Using tt as an abbreviation for A's triple win threshold (tt = triple threshold), the actual # of wins for A is the same as actual # of wins for B when tt is one higher. For example, when tt=$4$, A will have some number of wins, call it x. When tt=$5$, that same exact number x appears as # of wins for B. Perhaps it is that whenever A wins and tt gets bumped up, on average, B will win the very next hand and thus there is even more equilibrium/balancing going on than I thought. I think that may be the answer. Note that I award the win before updating tt value in the simulation program. So for example, if A wins the very first hand when tt=$4$, then the counter for the # of wins when tt=$4$ will get incremented by $1$ and then tt will get bumped up to $5$, so at that point, the counter for the # of wins when tt=$5$ will still be at $0$.
$11,12,13$, and $14$ triple threshold did not show up in the simulation.
I got exactly $500,000$ wins for A and exactly $500,000$ wins for B.
$UPDATE~4$ - I tried $2$ manual hands using a deck of cards.
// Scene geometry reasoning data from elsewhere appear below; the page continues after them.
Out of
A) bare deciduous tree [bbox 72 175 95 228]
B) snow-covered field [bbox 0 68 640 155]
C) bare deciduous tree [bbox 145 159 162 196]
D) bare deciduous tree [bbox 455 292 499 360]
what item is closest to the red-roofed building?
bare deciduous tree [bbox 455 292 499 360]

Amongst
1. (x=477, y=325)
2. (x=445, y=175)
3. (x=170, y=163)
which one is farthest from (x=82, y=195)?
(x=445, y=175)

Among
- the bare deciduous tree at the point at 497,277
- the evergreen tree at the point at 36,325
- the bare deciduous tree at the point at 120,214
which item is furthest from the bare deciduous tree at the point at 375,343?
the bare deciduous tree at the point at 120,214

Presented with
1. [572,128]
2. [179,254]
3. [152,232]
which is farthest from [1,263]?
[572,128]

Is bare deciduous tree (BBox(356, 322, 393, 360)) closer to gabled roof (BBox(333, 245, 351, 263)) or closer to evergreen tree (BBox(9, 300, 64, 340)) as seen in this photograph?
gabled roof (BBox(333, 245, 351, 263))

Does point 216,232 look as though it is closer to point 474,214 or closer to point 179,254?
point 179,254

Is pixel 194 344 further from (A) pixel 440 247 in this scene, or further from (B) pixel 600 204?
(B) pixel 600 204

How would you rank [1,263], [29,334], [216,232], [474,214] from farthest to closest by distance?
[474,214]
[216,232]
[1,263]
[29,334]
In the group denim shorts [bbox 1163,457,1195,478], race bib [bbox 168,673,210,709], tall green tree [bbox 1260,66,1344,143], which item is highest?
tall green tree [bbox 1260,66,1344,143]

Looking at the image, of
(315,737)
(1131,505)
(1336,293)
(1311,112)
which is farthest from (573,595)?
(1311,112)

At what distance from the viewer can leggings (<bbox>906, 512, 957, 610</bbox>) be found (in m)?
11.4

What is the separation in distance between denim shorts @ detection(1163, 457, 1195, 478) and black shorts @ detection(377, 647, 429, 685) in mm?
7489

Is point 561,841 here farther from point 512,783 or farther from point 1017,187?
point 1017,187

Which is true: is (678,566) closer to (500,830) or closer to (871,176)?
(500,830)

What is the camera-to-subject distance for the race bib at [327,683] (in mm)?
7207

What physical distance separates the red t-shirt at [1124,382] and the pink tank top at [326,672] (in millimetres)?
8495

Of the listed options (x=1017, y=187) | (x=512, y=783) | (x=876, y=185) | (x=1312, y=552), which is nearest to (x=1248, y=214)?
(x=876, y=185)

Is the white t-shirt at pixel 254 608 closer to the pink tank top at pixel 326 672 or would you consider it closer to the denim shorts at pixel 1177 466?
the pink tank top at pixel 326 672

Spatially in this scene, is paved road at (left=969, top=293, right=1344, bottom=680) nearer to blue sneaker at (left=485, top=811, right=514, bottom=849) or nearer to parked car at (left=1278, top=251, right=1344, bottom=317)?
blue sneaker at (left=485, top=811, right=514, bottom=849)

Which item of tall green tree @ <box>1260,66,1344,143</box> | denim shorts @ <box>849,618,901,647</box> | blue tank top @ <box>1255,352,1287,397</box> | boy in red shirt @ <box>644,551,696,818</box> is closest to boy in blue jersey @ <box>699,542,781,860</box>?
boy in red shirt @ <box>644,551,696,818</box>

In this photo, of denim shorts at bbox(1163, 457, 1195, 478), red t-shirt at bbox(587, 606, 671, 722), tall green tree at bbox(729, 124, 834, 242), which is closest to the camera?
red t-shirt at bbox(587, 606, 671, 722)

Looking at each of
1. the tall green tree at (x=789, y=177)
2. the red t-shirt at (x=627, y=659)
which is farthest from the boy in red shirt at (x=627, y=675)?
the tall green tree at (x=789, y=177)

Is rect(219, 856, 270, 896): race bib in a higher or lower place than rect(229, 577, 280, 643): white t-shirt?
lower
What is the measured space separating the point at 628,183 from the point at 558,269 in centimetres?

The first hand I got $4$ triples (5,9,Q,7) and $27$ cards were dealt spanning all $13$ ranks. The win threshold for player A was $4$ (triples) for that hand. For the 2nd hand (since A won the first hand), A's win threshold was then bumped up to $5$. 2nd hand also got $4$ triples first but because the threshold was raised to $5$, the quad appeared before the $5$th triple. In that 2nd hand, only $22$ cards were dealt spanning only $10$ ranks. So look at how quickly the "law of averages" took place. For only $2$ games, I got $24.5$ average cards drawn and $50/50$ (split) on the wins. I did not practice any games. They were the first $2$ I tried with real cards. This gives me a better appreciation for how quickly a computer can simulate this type of game. Likely in the time it takes me to play $1$ manual game, a computer can play millions if not billions of games.
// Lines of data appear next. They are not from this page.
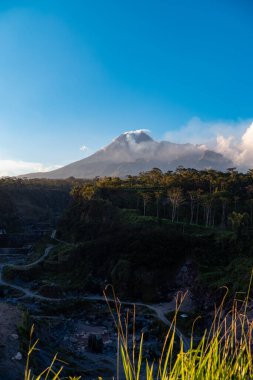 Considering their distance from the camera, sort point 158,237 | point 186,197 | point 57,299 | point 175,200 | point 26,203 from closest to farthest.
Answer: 1. point 57,299
2. point 158,237
3. point 175,200
4. point 186,197
5. point 26,203

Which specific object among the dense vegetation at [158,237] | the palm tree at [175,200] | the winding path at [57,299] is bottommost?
the winding path at [57,299]

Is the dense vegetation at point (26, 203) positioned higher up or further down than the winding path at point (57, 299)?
higher up

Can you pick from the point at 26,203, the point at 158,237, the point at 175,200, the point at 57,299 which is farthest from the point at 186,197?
the point at 26,203

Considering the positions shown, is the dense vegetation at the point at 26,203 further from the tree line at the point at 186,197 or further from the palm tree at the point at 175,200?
the palm tree at the point at 175,200

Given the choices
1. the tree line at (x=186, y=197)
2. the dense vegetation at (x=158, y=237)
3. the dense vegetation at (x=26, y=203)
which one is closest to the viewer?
the dense vegetation at (x=158, y=237)

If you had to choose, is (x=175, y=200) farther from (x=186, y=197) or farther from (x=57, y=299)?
(x=57, y=299)

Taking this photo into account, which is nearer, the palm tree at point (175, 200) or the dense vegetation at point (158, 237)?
the dense vegetation at point (158, 237)

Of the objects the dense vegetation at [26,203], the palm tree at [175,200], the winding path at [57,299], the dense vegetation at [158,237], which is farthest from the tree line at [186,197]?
the dense vegetation at [26,203]

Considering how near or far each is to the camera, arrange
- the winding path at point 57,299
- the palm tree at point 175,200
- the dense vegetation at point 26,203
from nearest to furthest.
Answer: the winding path at point 57,299 → the palm tree at point 175,200 → the dense vegetation at point 26,203

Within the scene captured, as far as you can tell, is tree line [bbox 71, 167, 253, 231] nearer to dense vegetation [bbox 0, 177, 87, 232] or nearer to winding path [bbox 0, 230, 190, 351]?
winding path [bbox 0, 230, 190, 351]

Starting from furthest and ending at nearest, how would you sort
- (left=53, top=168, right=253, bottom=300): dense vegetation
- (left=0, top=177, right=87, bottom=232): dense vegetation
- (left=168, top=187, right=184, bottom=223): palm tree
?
(left=0, top=177, right=87, bottom=232): dense vegetation
(left=168, top=187, right=184, bottom=223): palm tree
(left=53, top=168, right=253, bottom=300): dense vegetation

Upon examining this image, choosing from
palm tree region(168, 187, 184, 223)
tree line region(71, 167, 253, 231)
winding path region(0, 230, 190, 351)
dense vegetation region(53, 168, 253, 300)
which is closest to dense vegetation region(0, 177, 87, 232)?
tree line region(71, 167, 253, 231)

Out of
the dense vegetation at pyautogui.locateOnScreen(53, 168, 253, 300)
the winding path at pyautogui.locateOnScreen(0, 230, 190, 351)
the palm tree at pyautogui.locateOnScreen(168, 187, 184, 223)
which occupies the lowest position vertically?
the winding path at pyautogui.locateOnScreen(0, 230, 190, 351) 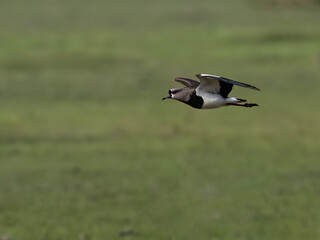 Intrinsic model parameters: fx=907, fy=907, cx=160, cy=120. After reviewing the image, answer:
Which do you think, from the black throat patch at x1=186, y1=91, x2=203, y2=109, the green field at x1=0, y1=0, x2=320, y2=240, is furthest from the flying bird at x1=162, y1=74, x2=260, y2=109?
the green field at x1=0, y1=0, x2=320, y2=240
$UPDATE~5$ - I tried (for fun and to satisfy my curiosity), altering A's win threshold by $2$ instead of by $1$. The pattern above was retained here in that the # of wins for A when tt=$2$ is the same as the number of wins for B when tt=$4$. The only change I see is B is now a favorite to win at about $51.3$% to A's $48.7$% (if tt starts at $4$), and of course there are no wins where tt is odd. Interestingly, if I instead change tt (A's win threshold for # of triples) to start at $3$ instead of at $4$, then it goes back to exactly $50/50$. So apparently the initial value of tt makes a difference as far as the fairness of the game which seems somewhat surprising since I would think that with thousands or even millions of hands, it should not make a difference (but it does). We lose the "straddling" effect (where $50/50$ is achievable), when certain conditions are met. For example, when tt is an even number (such as $4$) and we change tt by an even number (such as by $2$). That makes it so there is no way for there to be a $50$% chance for each player to win. Not sure why this is true but it is what my simulation program is showing. Maybe someone else can explain why.